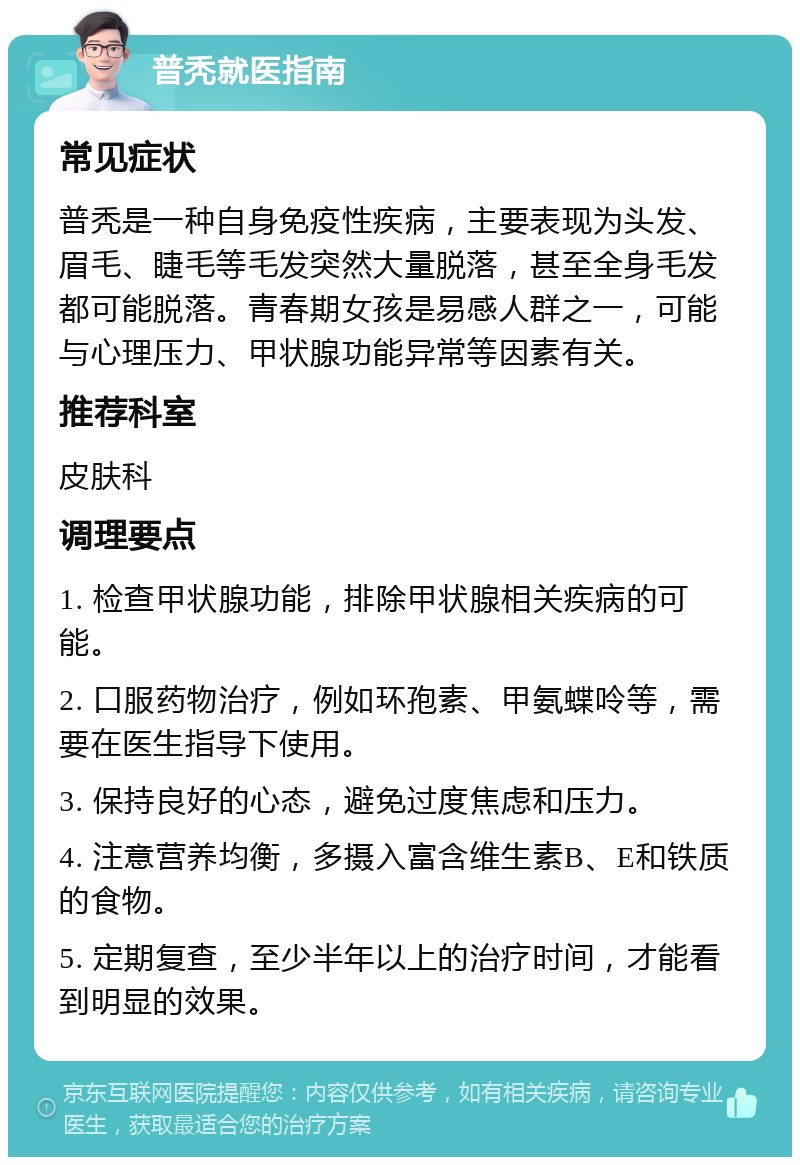 普秃就医指南 常见症状 普秃是一种自身免疫性疾病，主要表现为头发、眉毛、睫毛等毛发突然大量脱落，甚至全身毛发都可能脱落。青春期女孩是易感人群之一，可能与心理压力、甲状腺功能异常等因素有关。 推荐科室 皮肤科 调理要点 1. 检查甲状腺功能，排除甲状腺相关疾病的可能。 2. 口服药物治疗，例如环孢素、甲氨蝶呤等，需要在医生指导下使用。 3. 保持良好的心态，避免过度焦虑和压力。 4. 注意营养均衡，多摄入富含维生素B、E和铁质的食物。 5. 定期复查，至少半年以上的治疗时间，才能看到明显的效果。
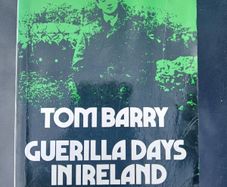 Guerilla Days In Ireland - Tom Barry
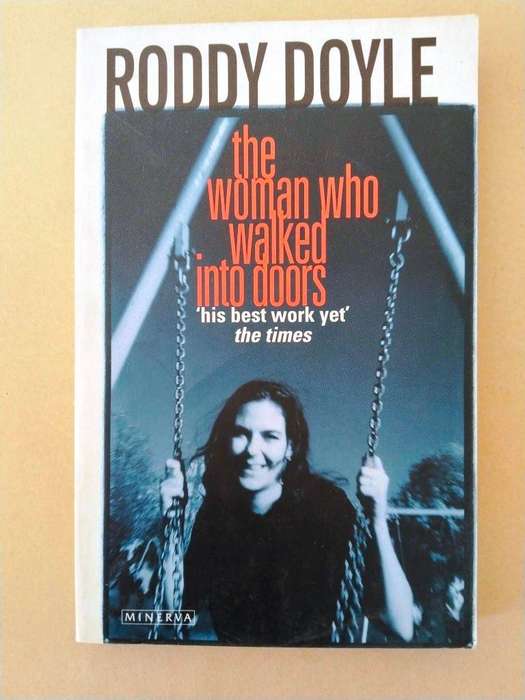 The Woman Who Walked into Doors, Roddy Doyle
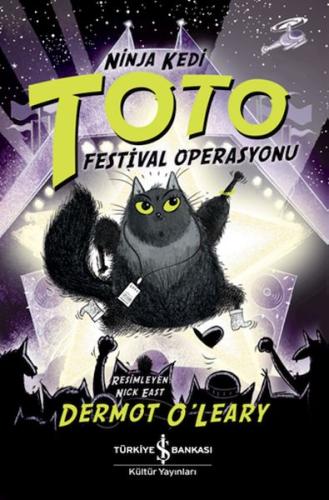 Ninja Kedi Toto - Festival Operasyonu | Kitap Ambarı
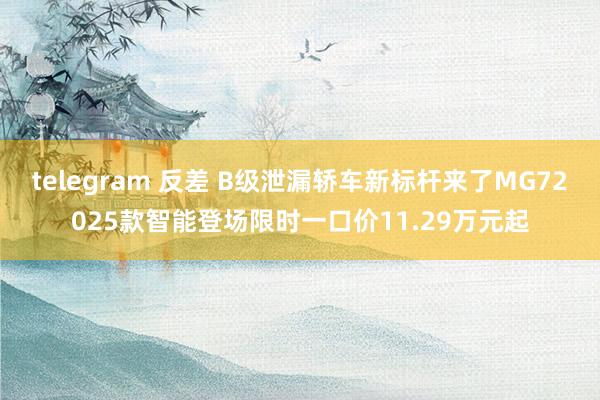 telegram 反差 B级泄漏轿车新标杆来了MG72025款智能登场限时一口价11.29万元起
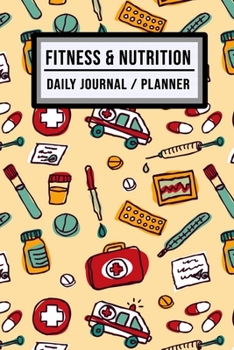 Fitness and Nutrition Journal / Planner: Medical Fitness & Nutrition Planner / Journal | Track your Exercise and Meals Daily | 100 Days (6x9)
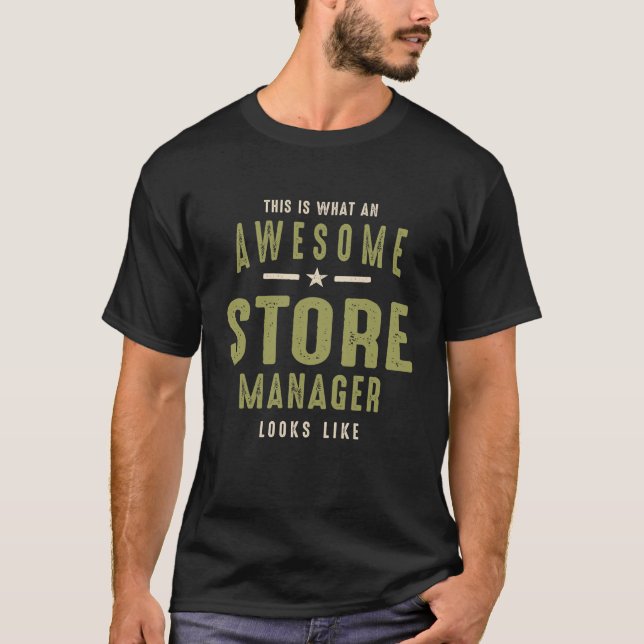 Funny jobbanvändning i Fantastisk Store Manager T Shirt (Framsida)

What is required
Working from the material above, transcribe it exactly while omitting pictures.

Expected answer
 普秃就医指南 常见症状 普秃是一种自身免疫性疾病，主要表现为头发、眉毛、睫毛等毛发突然大量脱落，甚至全身毛发都可能脱落。青春期女孩是易感人群之一，可能与心理压力、甲状腺功能异常等因素有关。 推荐科室 皮肤科 调理要点 1. 检查甲状腺功能，排除甲状腺相关疾病的可能。 2. 口服药物治疗，例如环孢素、甲氨蝶呤等，需要在医生指导下使用。 3. 保持良好的心态，避免过度焦虑和压力。 4. 注意营养均衡，多摄入富含维生素B、E和铁质的食物。 5. 定期复查，至少半年以上的治疗时间，才能看到明显的效果。
 Guerilla Days In Ireland - Tom Barry
 The Woman Who Walked into Doors, Roddy Doyle
 Ninja Kedi Toto - Festival Operasyonu | Kitap Ambarı
 telegram 反差 B级泄漏轿车新标杆来了MG72025款智能登场限时一口价11.29万元起
 Fitness and Nutrition Journal / Planner: Medical Fitness & Nutrition Planner / Journal | Track your Exercise and Meals Daily | 100 Days (6x9)
 Funny jobbanvändning i Fantastisk Store Manager T Shirt (Framsida)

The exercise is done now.